ぎこちなく振り返ると、隣のクラスの水原紗夜がいた。 相変わらず目つきは悪い。 美人さんなのにもったいないと心から思う。
派手、というのか。 校則がゆるゆるなこの高校で、彼女は特に化粧もしていないのに華やかで、人の目を引く。
1年のときに委員会が同じで喋るようになったけど、冷めた印象とはちがって根は優しい子だ。
「話の途中にごめん、笑日。 宝月先生いる?」
「もうショート始まるから来ると思うけど……どうしたの」
「今日提出するノート忘れちゃったんだよ……。 あの人生徒指導だから、うるさく言われるんだろうなって」
「忘れ物に関してはうるさいからなぁ」
「マジか……。 わかった、ありがと」
軽く手を振って、彼女は教室から出て行く。
綺麗な茶色の髪の毛。 わたしもあれくらい伸ばしてみようか。
「流鏑馬は水原と仲がいいの?」
毛先をつかもうとした手を止め、千隼くんを見る。
「──普通だよ。 去年、委員会が同じで……それだけ」
答えに躊躇したのは、千隼くんの持つ雰囲気が少しちがっていたから。 妙な違和感。 重たい空気。 スッと千隼くんの目が一瞬細くなり、次の瞬間にはいつもと変わらない彼がそこにいた。
「そっかぁ。 俺、あいつと中学のとき3年間同じクラスだったんだよなぁ」
「ふうん……親しかったの?」
「んー……付き合ってたんだよ」
付き合っている、じゃなくて、付き合っていた。
肝心の部分を聞き逃さず、わたしは次の言葉を選ぶ。 迷う。 困惑する。
そんなわたしの心情を察したのか、ヘラヘラと笑って千隼くんが下敷きでわたしの頭を軽く撫でる。
「別にひどい別れ方じゃないから。 気にしないで」
「ごめん、なんか……立ち入ったこと聞いちゃって」
「本当にいいんだって。 今となっては良い思い出ってやつだし。 あ、先生来た」
一斉にざわついていた生徒が自分の席に座る。
クラス担任の宝月先生は、いつも垂らしている黒髪を今日は赤いシュシュでひとつに束ねていた。
黒板に、『1学期中間考査』 と書き終わったあと、白いチョークを置いて、こちらを振り返る。
「はい、前を向いてちょうだいね。 テストの説明をします」
何回も聞かされているテストの説明は聞いていない生徒のほうが多いだろう。
退屈すぎて、斜め前の大瀬良くんを見てしまう。 ああ、大好き。
今日は3時間で学校は終わる。 少し話しかけてみようかな。
テストが終わったら、その帰りに話しかけてみよう。
- Re: あなたを失う理由。 ( No.13 )
- 日時: 2012/06/14 01:06
- 名前: 柚々 ◆jfGy6sj5PE (ID: CymMgkXO)
覚えてくれましたか(o'ω'o) 感激ですムフフ←
涙が出ずに人って泣けるもんなんだな。
このセリフにやられました。
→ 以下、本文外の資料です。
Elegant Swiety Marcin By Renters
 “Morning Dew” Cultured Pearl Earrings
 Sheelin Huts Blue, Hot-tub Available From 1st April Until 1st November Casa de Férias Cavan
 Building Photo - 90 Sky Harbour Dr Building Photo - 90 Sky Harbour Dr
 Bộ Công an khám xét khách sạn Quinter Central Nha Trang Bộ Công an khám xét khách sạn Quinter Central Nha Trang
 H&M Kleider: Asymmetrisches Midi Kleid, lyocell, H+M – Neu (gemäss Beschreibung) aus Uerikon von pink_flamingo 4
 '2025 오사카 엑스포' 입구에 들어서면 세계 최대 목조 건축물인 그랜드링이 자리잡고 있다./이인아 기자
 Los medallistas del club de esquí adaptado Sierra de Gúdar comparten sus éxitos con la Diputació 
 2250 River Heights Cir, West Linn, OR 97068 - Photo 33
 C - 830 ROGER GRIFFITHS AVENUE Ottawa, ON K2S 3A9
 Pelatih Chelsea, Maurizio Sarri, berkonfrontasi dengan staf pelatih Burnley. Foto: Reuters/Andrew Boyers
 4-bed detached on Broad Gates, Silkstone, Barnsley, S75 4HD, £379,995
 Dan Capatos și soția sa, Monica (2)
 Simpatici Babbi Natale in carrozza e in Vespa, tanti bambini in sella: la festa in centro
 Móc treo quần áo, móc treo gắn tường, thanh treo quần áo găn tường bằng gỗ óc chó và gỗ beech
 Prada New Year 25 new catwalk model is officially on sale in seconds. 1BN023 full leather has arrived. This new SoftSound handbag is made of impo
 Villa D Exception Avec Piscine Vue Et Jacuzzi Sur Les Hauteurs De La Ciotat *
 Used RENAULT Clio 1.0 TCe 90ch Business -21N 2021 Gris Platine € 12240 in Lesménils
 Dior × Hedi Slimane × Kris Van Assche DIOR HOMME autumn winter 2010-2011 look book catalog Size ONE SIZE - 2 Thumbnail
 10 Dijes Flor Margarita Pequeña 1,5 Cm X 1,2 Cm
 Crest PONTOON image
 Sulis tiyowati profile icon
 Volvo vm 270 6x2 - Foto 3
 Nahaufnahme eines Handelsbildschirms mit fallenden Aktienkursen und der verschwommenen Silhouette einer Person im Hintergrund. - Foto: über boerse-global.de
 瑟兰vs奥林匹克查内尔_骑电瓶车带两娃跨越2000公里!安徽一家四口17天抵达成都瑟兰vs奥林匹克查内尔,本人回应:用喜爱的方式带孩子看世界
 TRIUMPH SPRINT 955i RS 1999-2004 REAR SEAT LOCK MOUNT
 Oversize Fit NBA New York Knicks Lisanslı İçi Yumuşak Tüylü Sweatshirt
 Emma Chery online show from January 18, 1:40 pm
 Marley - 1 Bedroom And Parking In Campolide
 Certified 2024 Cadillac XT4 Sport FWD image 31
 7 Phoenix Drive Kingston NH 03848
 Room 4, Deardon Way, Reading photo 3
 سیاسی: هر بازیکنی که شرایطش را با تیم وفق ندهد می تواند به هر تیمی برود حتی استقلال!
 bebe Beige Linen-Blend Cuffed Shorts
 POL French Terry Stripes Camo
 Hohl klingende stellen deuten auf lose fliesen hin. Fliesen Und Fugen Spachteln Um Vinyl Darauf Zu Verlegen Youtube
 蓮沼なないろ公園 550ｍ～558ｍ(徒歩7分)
すごく切ないです(´・ω・`)
ですが流鏑馬ちゃん、そのあとすぐに大瀬良くんとお話することができてよかったです。
拒絶された日とは打って変わって強気になった流鏑馬ちゃん。
大瀬良くんとも対等に話ができていて、内心ほっとしました(殴打
何としても応援したくなりますね^///^(殴打
やはり朝倉さんの文章には見いってしまいます
いつも楽しく読ませていただいております\(^o^)/
これまた意味不明なちょうぶんすみませんでした
更新楽しみにしております
- Re: あなたを失う理由。 ( No.14 )
- 日時: 2012/06/15 20:39
- 名前: 揶揄菟唖 ◆bTJCy2BVLc (ID: ae8EVJ5z)
- 参照: http://イケメンに下品なこと言わせたい衝動
はじめまして、揶揄菟唖です。
朝倉疾風さんの小説を読むのは初めてなのですが、はまりましたーむふ。
素敵です。この雰囲気。不気味で凍り付いているような雰囲気の小説。
久々に感動しましたー。
みんなの関係が気になりますね!
いろんな人の思いが交差して、1人1人がちゃんと生きている感じがしますね、流鏑馬ちゃんは唯一『ちゃんとした』人間だと思います。
更新楽しみにしています!
スペースお借りしました、失礼しますー
- Re: あなたを失う理由。 ( No.15 )
- 日時: 2012/06/16 00:29
- 名前: 朝倉疾風 (ID: GYxyzZq9)
- 参照: http://ameblo.jp/asakura-3-hayate/
◎ 柚々 さま
こちらこそ、またコメントいただけてとても嬉しいです。
ありがとうございます。
拒絶されたときは彼女なりに動揺してしまっていたのでしょう。
自分の意思とは関係なく、ポンッと口から出てしまったのですから。
もうそこまで行けば、あとはどうとでもなれ! と言うふうに、
恋する乙女のフルパワーとやらを活用中だと思われます。
大瀬良くんは、割と会話は出来る子です。。○
そんなことを言っていただけて、とても光栄です。
応援よろしくお願いします。
◎ 揶揄菟唖 さま
はじめてまして、朝倉疾風です。
そう言っていただけて、とても嬉しいです。ありがとうございます。
シリアスでドロドロした、人の感情が醜く絡み合っているような
お話を好んでおります。。○
きっと趣味に偏ると思うけれど、最後まで応援していただければ
嬉しいです。
- Re: あなたを失う理由。 ( No.16 )
- 日時: 2012/06/16 12:13
- 名前: 風猫(別PCナウ (ID: 68i0zNNK)
参照数の伸びが尋常じゃない……相変わらず、恐ろしい存在ですね彼方は(汗
いえ、冗談ではなく本気で……
相手の好意を易々と否定できる大瀬良君が好きです。
相変わらずどこかしらに後ろ暗さがある作品で、私にはまねできないので凄く参考になります!